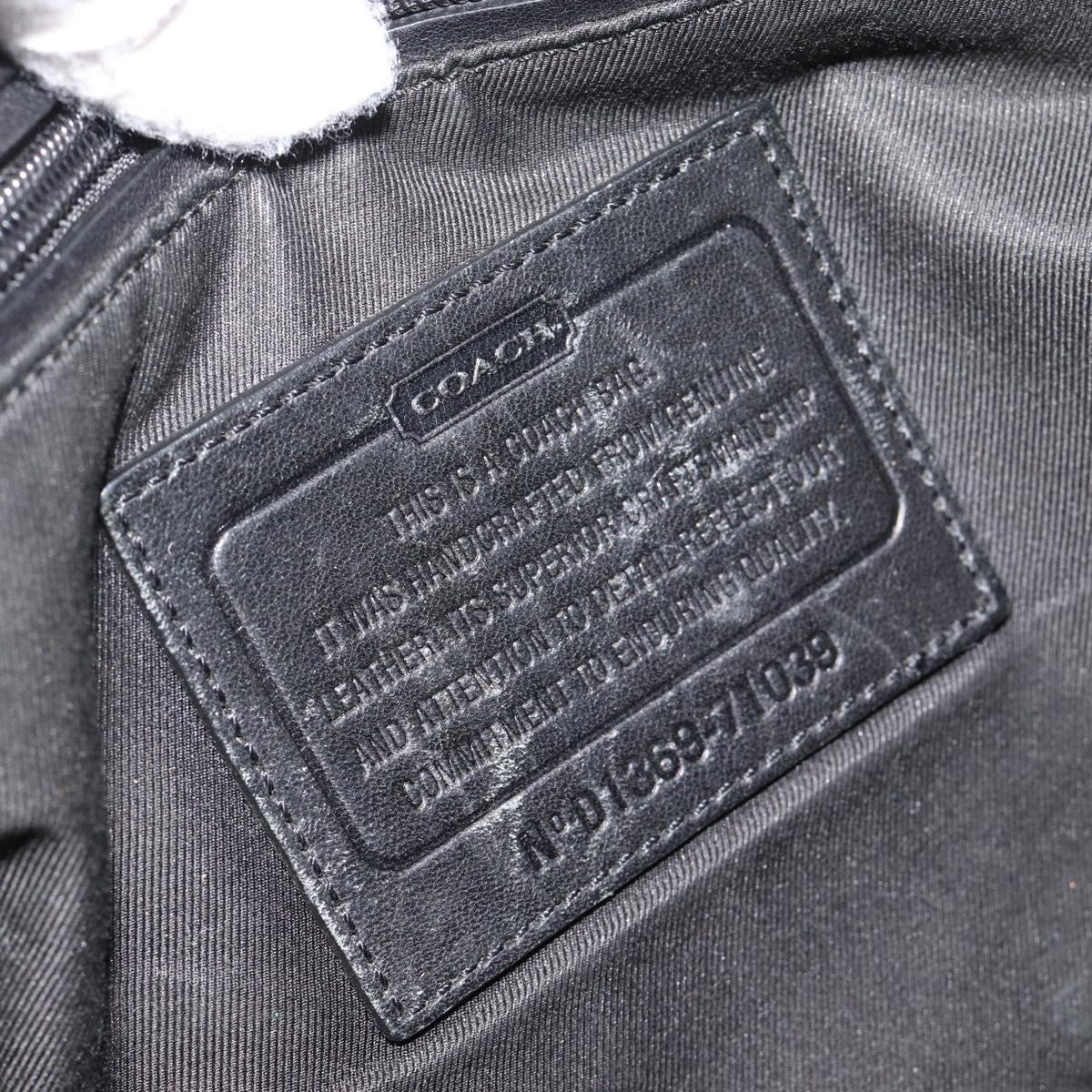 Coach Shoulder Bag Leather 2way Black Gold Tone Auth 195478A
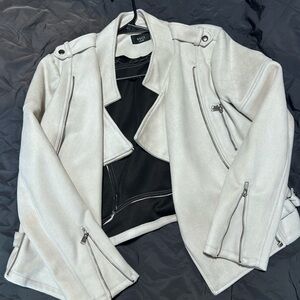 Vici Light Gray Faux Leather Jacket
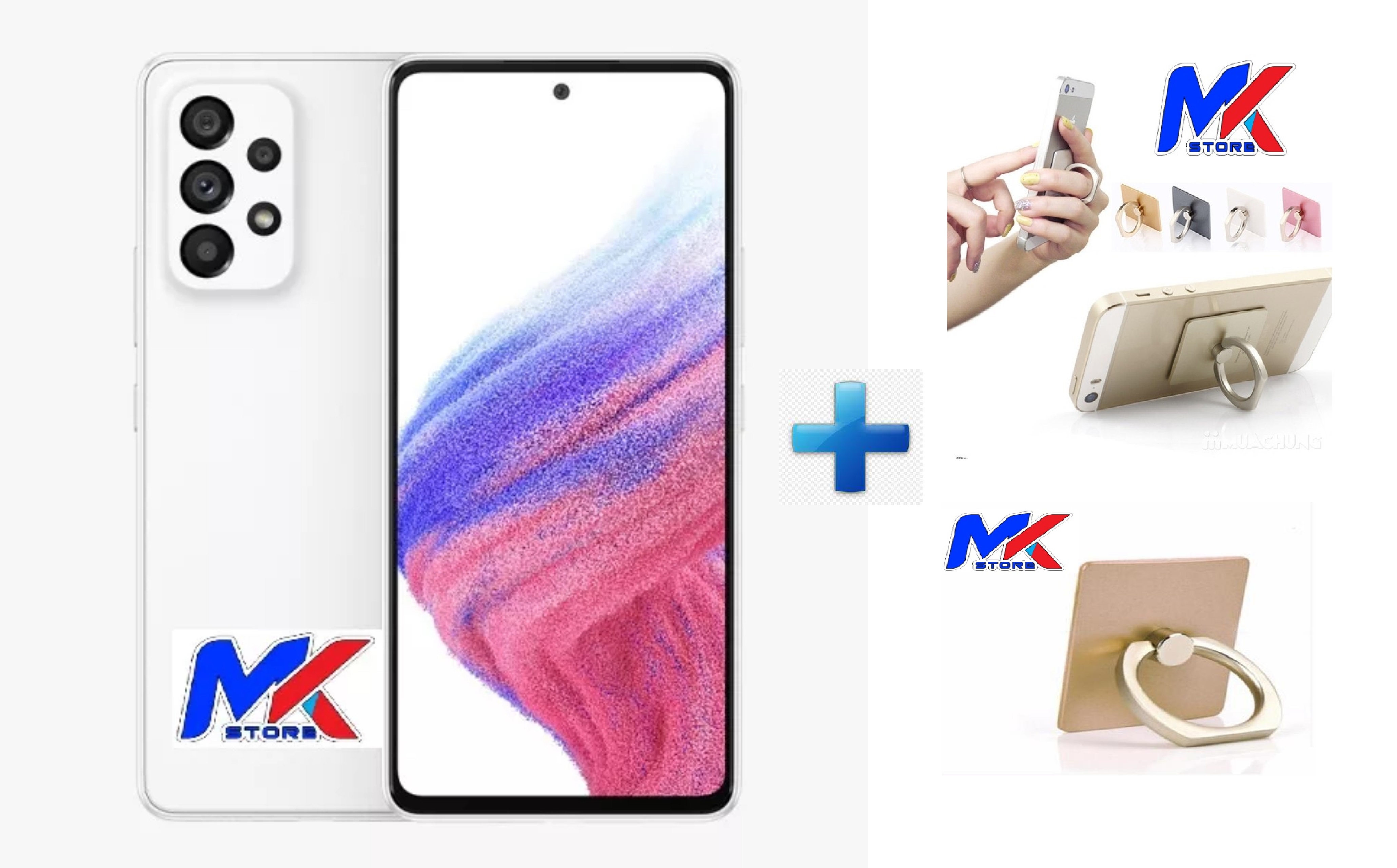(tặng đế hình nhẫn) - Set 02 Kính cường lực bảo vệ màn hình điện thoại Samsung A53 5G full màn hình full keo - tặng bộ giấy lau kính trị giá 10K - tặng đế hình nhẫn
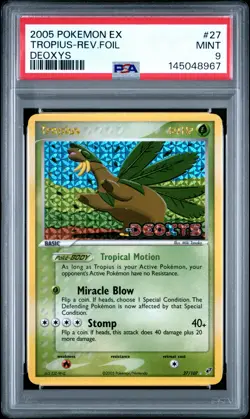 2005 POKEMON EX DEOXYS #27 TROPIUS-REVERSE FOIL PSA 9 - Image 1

---+---

» **YOUR OBJECTIVE**
Print the material word for word without images.

» **EXERCISE ANSWER**
 Coach Shoulder Bag Leather 2way Black Gold Tone Auth 195478A
 Vici Light Gray Faux Leather Jacket
(tặng đế hình nhẫn) - Set 02 Kính cường lực bảo vệ màn hình điện thoại Samsung A53 5G full màn hình full keo - tặng bộ giấy lau kính trị giá 10K - tặng đế hình nhẫn
 2005 POKEMON EX DEOXYS #27 TROPIUS-REVERSE FOIL PSA 9 - Image 1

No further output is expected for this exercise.